Marketing Automation may take many forms – from cloud-based email blasting tools, to CRM systems, to web capture forms and and lead-scoring. Each form of marketing automation has its place, but it is important to keep in mind that marketing automation can’t correct for bad marketing alignment in the first place. If your target audience, content, and marketing channel aren’t in sync, then no amount of marketing automation can really help you.

Further, if you are not a marketer, or at least don’t possess good marketing instincts, marketing automation tools won’t get you to your goal. Your automation system can’t really help you break-down the walls that exist between you and your prospect. That has to come from great thinking on content, design and delivery from the marketer.

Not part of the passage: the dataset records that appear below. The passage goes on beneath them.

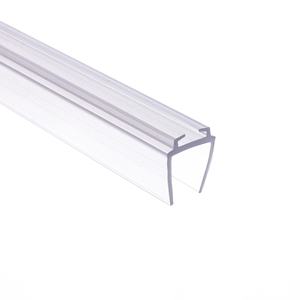 Rail inférieur en PVC transparent ou en polycarbonate avec essuie-glace ou <span class=keywords><strong>brosse</strong></span> P500BR - Product Image 2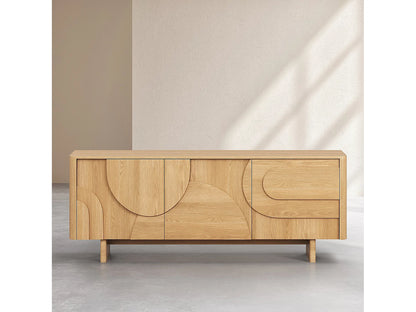 Buffet Chêne Japandi Design Épuré - Milord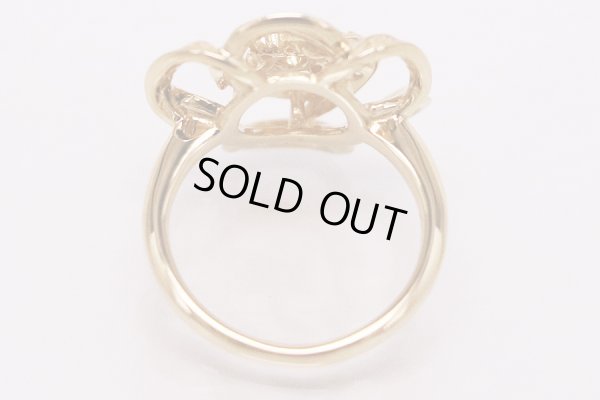 K18 ダイアイリリング 0.083ct 0.22ct 4.30g　内側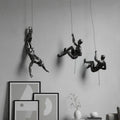 Håndlavet klatrevægsskulptur i resin designet til at tilføre dynamisk bevægelse og kunstnerisk dybde til moderne interiører - Euroselle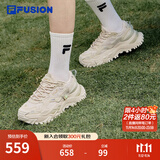 FILA FUSION斐乐女鞋BIANCO老爹鞋季新款硬糖鞋休闲鞋厚底运动鞋女 夏威夷果黄-MS 36.5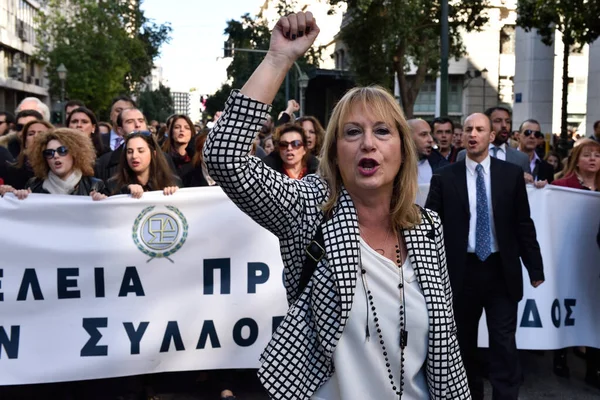 Grèce Athènes Réforme Des Pensions — Photo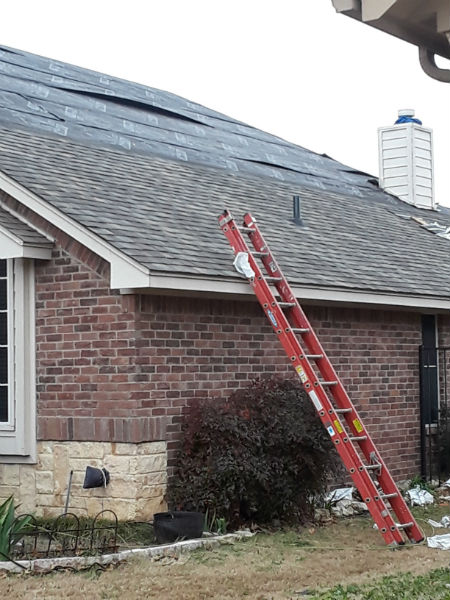 Saginaw shingle roof replacement during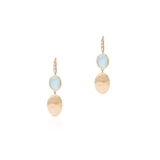 Kolczyki złote z akwamarynem i brylantami MARCO BICEGO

It would also be unwise, in a B2B setting, to rely too heavily on marketing automation to anchor your demand gen process. Typical marketing automation tools tend to rely heavily on email interactions, and consequently, you will be working with the 10% to 20% yields that are typically available via email. But add telemarketing to this mix, and now you can engage an incremental 25 to 30% of your audience. Add a social media and/or a web presence with a campaign to drive web traffic and you can increment your prospect engagement levels even further.

So a best practices approach might include multiple methodologies. Here are some examples that can make sense:

A CRM system integrated to your eblasting tool, so you get cross-fertilization between email marketing and telemarketing. For example, your outbound telemarketing activities will tend to find anywhere from 15 to 30% referral contacts, that can then become cornerstone email addresses for your email campaign. Conversely, email click-thrus and opens can be moved into priority calling queues, as they are pre-identified as having topic-interest.

A web system that features lead-scoring and integration into your CRM system. Depending on your volume of lead traffic, lead scoring may be very important in helping you prioritize leads for call follow-up. High priority leads may flow directly to Inside Sales, while lower-scored leads may go into the email database for keep-in-touch campaigns. It’s worth noting, however, that many small to mid-size organizations aren’t really generating the lead volume to take full advantage of the benefits of lead scoring. Lead scoring is essentially a stratification of your lead flow, so that higher priority leads can be treated differently than lower priority leads. But if you don’t have much lead volume to begin with, lead scoring isn’t going to be a priority for you.

At Xactlyit, we recommend you start your marketing automation process from the CRM system, and then radiate out from there with integrated tools as your business and marketing processes may dictate. Pulling your marketing interactions into a framework that can be used by Inside and Outside Sales is critical for the long-term success of marketing in the organization, so being CRM-centric is a best-practice approach.